Again, proving my point. It doesn't affect your brewing in anyway, shape or form. And if people read the article using the same critical thinking skills they were taught in let's say middle school, then it shouldn't affect them either.

This statement doesn't make sense to me. Are you expecting brand new home brewers to realize Bru is using sub par testing practices and the shortcut methods they are testing is not the way to make good beer?
 
This statement doesn't make sense to me. Are you expecting brand new home brewers to realize Bru is using sub par testing practices and the shortcut methods they are testing is not the way to make good beer?

I am expecting brand new home brewers as well as most adults to read something with critical thinking skills. I don't believe that's asking too much of people.

Your opinion is that they are using Methods of making beer that are not good...Have you tried one of their beers using the methods? I'm not getting into the whole testing methods again because I'm not changing your mind and you're not changing mine.
 
Are you expecting brand new home brewers to realize ... the shortcut methods they are testing is not the way to make good beer?

I disagree with this. I think the methods that they use make good beer. I believe that better methods (which are also more complicated) can make great beer, but the methods they use are a good starting point (and simple) to get a new brewer into the hobby.


Note: the sub-par testing methods part of h22lude's quote is removed because I definitely do agree with that.
 
I disagree with this. I think the methods that they use make good beer. I believe that better methods (which are also more complicated) can make great beer, but the methods they use are a good starting point (and simple) to get a new brewer into the hobby.
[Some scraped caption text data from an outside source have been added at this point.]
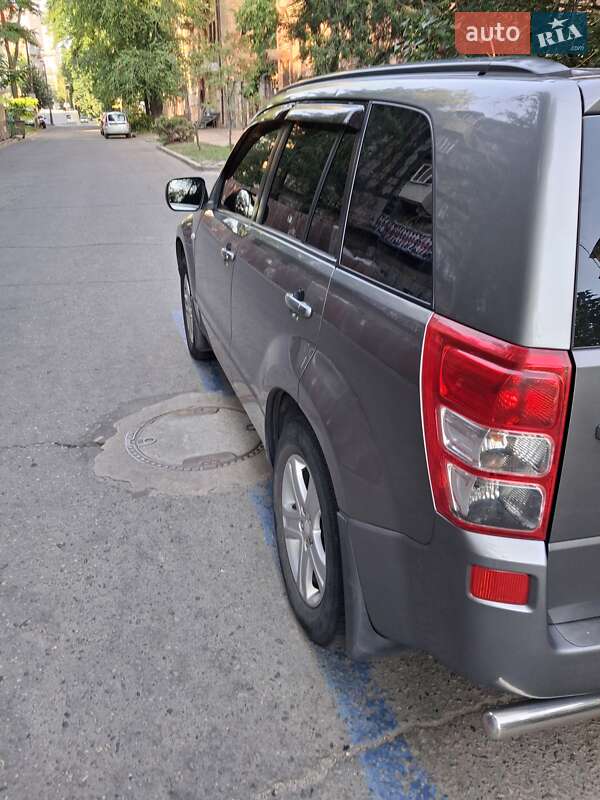 Позашляховик / Кросовер Suzuki Grand Vitara 2007 в Дніпрі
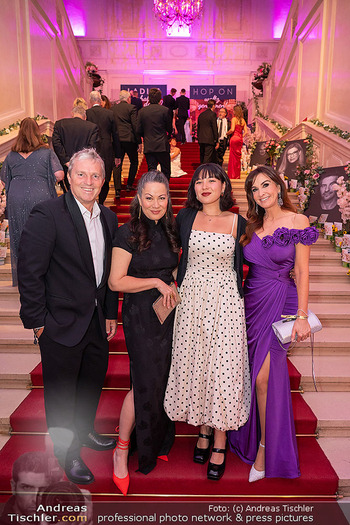 Dancer against Cancer Ball 2026 - Hofburg, Wien - Sa 18.04.2026 - Shannon LEE, Wren KEASLER, Manfred und Nelly BAUMANN40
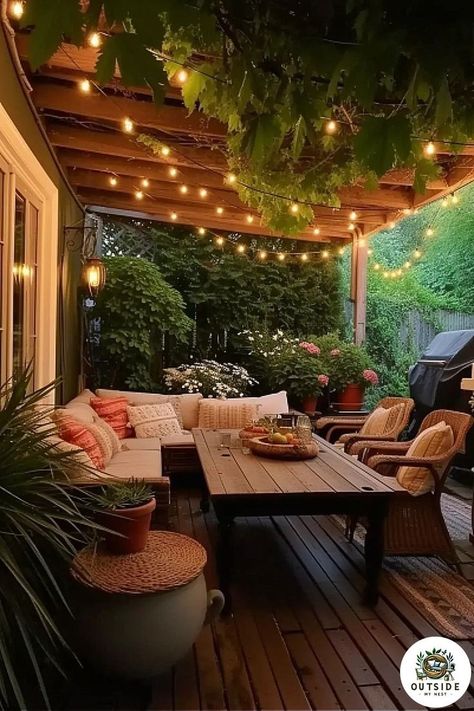 Cottage Patio, Rustic Patio, Cozy Backyard, Cozy Patio, Patio Inspiration, Outside Patio, Backyard Inspo, Patio Designs, Backyard Makeover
Note: the sub-par testing methods part of h22lude's quote is removed because I definitely do agree with that.

This is, at least as I see it, the line in the sand.
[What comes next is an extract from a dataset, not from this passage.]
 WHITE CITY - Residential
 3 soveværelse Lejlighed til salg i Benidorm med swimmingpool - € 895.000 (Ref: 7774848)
There seems to be a belief in a mythical line in the sand where decent/good beer becomes great beer when go go from applying “good enough”/“simple” methods to “better”/“more complicated” methods.
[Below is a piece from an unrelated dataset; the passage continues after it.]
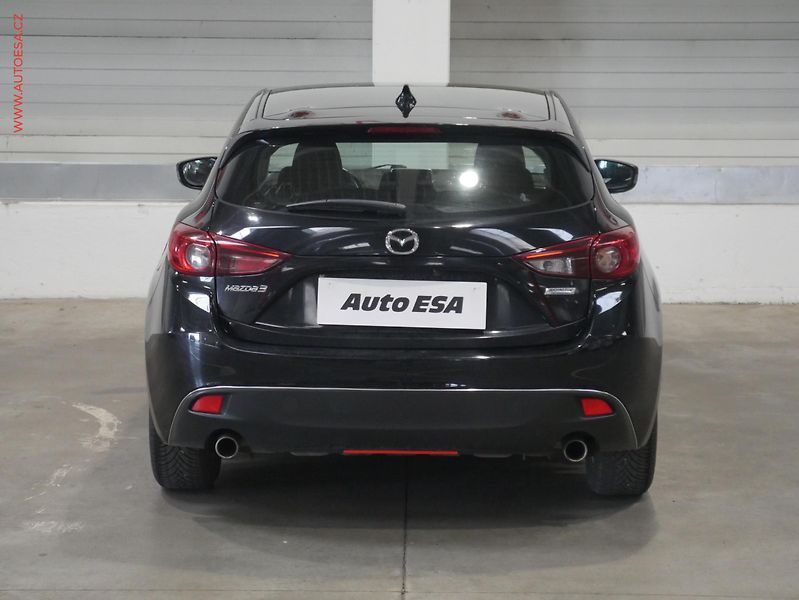 Mazda 3 (2014) 2.0 i, ČR, Navi, xenon - fotka 5 z 18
Seems like total hogwash to me. Anyone can make world class beer using even the most basic equipment. It’s all down to how you prioritize methods and practices.

This whole thing is turning into some sort of a culture war for no reason.
 
I am expecting brand new home brewers as well as most adults to read something with critical thinking skills. I don't believe that's asking too much of people.

Your opinion is that they are using Methods of making beer that are not good...Have you tried one of their beers using the methods? I'm not getting into the whole testing methods again because I'm not changing your mind and you're not changing mine.

Sure, people can use critical thinking skills but if they keep reading that Bru is a good source of info, why would they believe any different? You obviously like their info, and that is fine for you. I (as well as a lot of others) feel they are giving bad misdirected information on cutting corners which can hurt the hobby. And as you said, I'm not changing your mind and you're not changing mine.
 
Apologies if this has already been pointed out, but the author is comparing RO to lightly-treated water.

Ca 0 | Mg 0 | Na 0 | SO4 0 | Cl 0

vs.

Ca 55 | Mg 5 | Na 0 | SO4 72 | Cl 59

Grains, hops, and fermentation will contribute tens (Na) to potentially hundreds (SO4, Cl) of ppm depending on recipe, process, equipment, etc. Perhaps the difference in starting hardness could be noticeable (0 vs. 158 ppm), but again, the difference isn't that large.

This experiment would be much more informative if the author had submitted the finished beers for water analysis. I'd be willing to bet their profiles came out quite similar.

So in a magical world where all other variables could be perfectly controlled, I'd be pretty surprised if anyone could reliably tell these starting profiles apart.

And no, this is not an argument against treating your brewing liquor.
 
In my book that isn't lightly mineralized water. I'd call it moderately mineralized.
 
In my book that isn't lightly mineralized water. I'd call it moderately mineralized.

Fair enough, but what if mineral analysis of the finished beers showed similar ion concentrations? If that were the case, I imagine the title of this thread would be worded differently.